SUPPLIED RECORDS
....................

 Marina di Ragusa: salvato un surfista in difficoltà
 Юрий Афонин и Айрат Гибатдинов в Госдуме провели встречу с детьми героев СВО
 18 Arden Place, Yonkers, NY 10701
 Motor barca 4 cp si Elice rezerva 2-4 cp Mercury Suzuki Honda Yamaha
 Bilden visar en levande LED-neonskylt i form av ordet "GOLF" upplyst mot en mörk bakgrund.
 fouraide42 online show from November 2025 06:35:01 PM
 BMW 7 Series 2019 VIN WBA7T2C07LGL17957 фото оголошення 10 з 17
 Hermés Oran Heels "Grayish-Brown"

....................

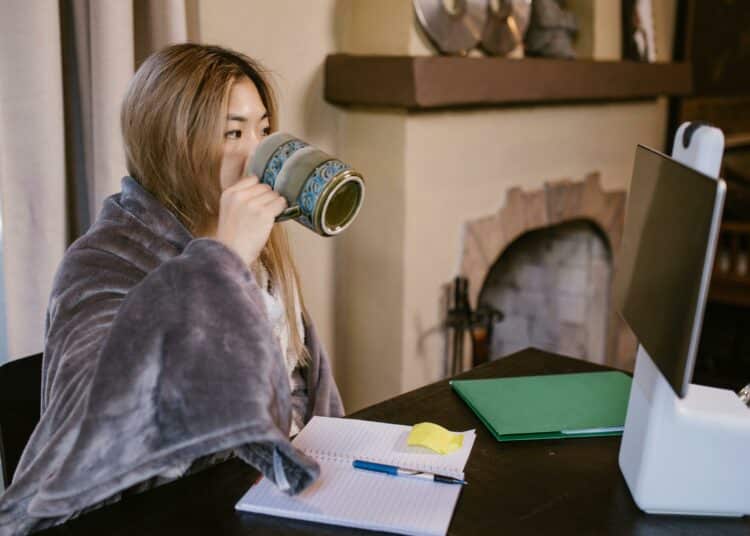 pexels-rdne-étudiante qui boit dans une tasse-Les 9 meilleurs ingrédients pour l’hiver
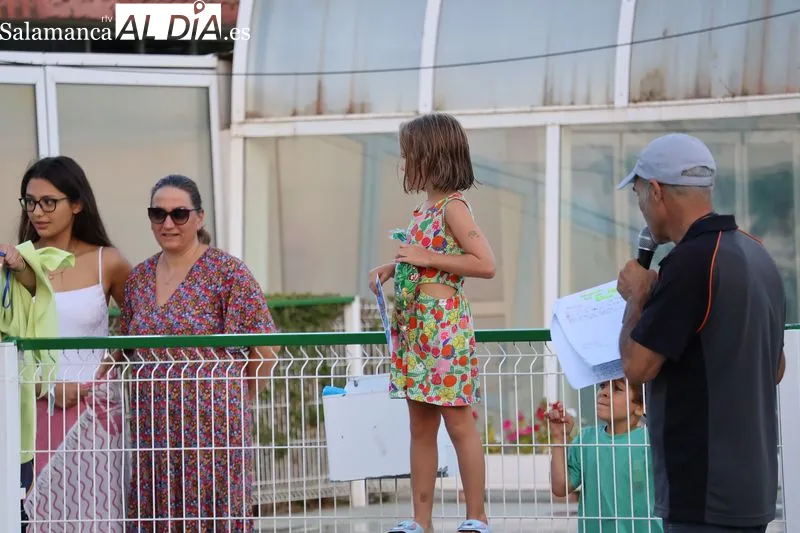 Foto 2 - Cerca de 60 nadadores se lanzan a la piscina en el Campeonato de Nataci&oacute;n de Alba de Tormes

....................

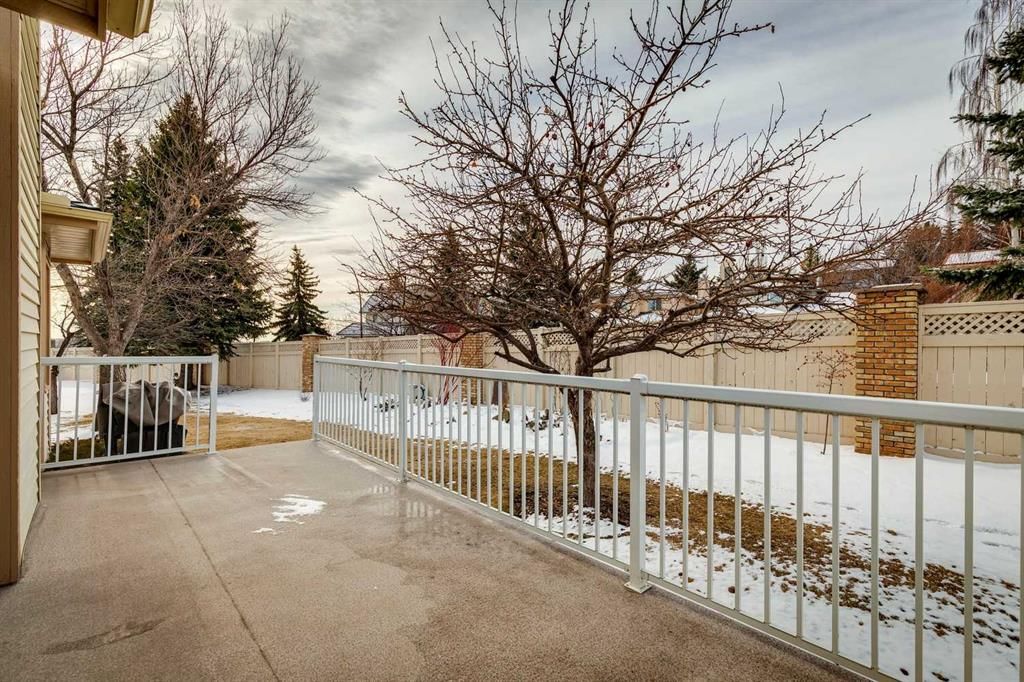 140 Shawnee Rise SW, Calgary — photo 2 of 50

....................

YOUR INSTRUCTIONS
Among the lines above, find the one with "Marina di Ragusa: salvato" and the one with "Hermés Oran Heels". Quote both and everything between them, exactly.

TASK RESPONSE
 Marina di Ragusa: salvato un surfista in difficoltà
 Юрий Афонин и Айрат Гибатдинов в Госдуме провели встречу с детьми героев СВО
 18 Arden Place, Yonkers, NY 10701
 Motor barca 4 cp si Elice rezerva 2-4 cp Mercury Suzuki Honda Yamaha
 Bilden visar en levande LED-neonskylt i form av ordet "GOLF" upplyst mot en mörk bakgrund.
 fouraide42 online show from November 2025 06:35:01 PM
 BMW 7 Series 2019 VIN WBA7T2C07LGL17957 фото оголошення 10 з 17
 Hermés Oran Heels "Grayish-Brown"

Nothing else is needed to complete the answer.